Power-frequency oscillation modeling, analysis and suppression of multi-VSG grid-connected system

The virtual synchronous generator (VSG) enhances the inertia response of renewable energy system by mimicking traditional synchronous generators (TSG), but inherits the power-frequency oscillation issue of TSG. The grid impedance at the point of common coupling (PCC) leads to the interaction between VSG control loops, which complicates the dynamic performance of the multi-VSG grid-connected system. This paper investigates the modeling, analysis and suppression of the power-frequency oscillation for the multi-VSG grid-connected system. Initially, a mechanical admittance model of the multi-VSG grid-connected system is developed based on the electromechanical analogy principle, and the transfer functions under various disturbances are derived.

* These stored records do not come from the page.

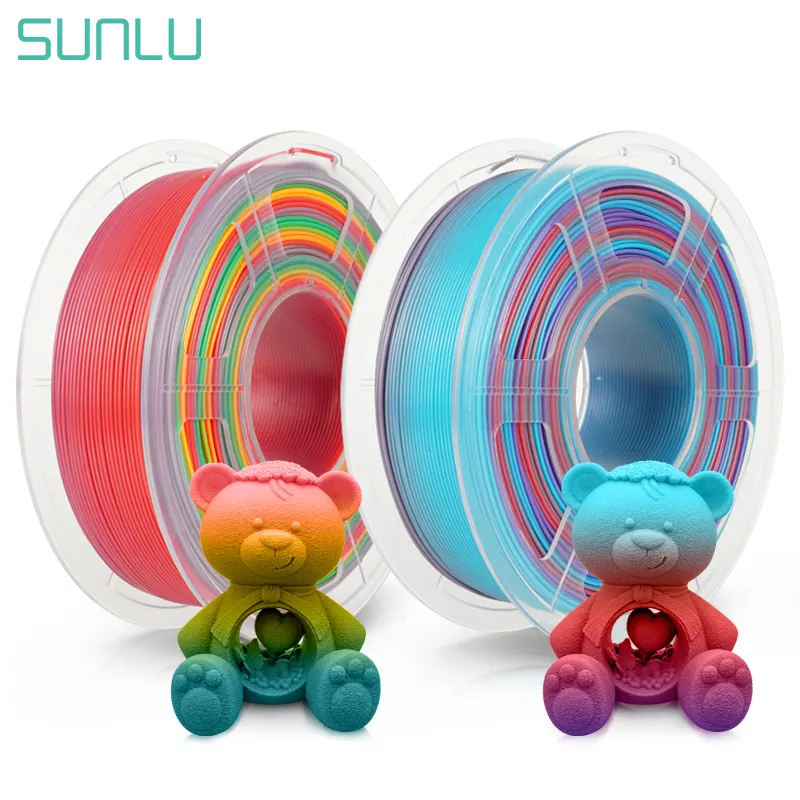 Sunlu Rainbow PLA Filament 1.75mm 1kg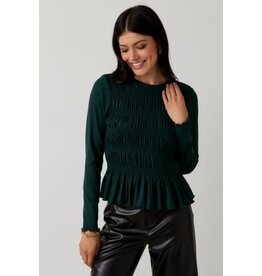 Sunday Edition Long Sleeve Smocked Top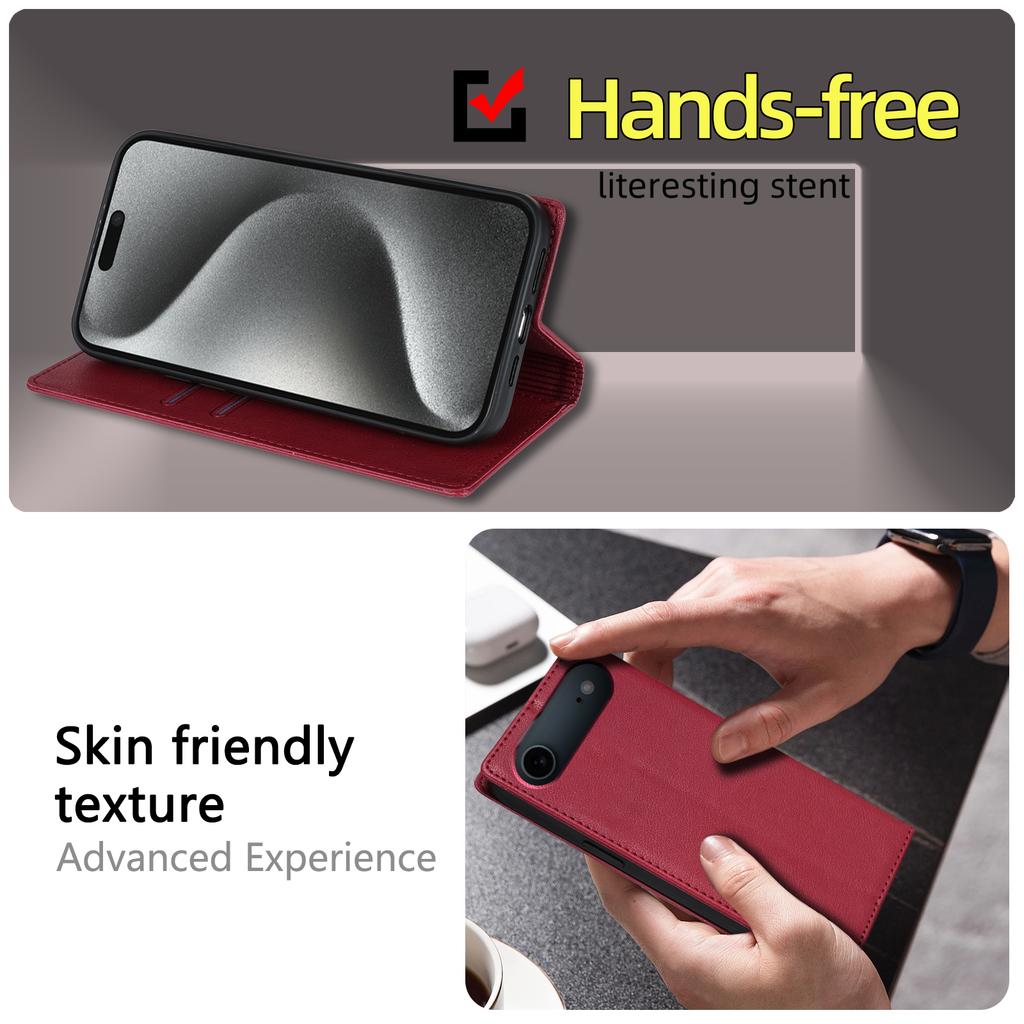 For iPhone Air Wallet Case Magnetic Closure PU Leather Phone Cover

Subsequently, the frequency-domain response of the transfer function is compared and analyzed with the simulation results to reveal the power-frequency oscillation behavior of the multi-VSG grid-connected system under varying system parameters. Finally, a power-frequency oscillation suppression strategy for the multi-VSG grid-connected system, based on active power feedforward compensation (APFC), is proposed in alignment with its oscillation characteristics, and the design parameters are provided. The efficacy of the proposed oscillation suppression strategy is validated through MATLAB/Simulink simulation and experimental testing.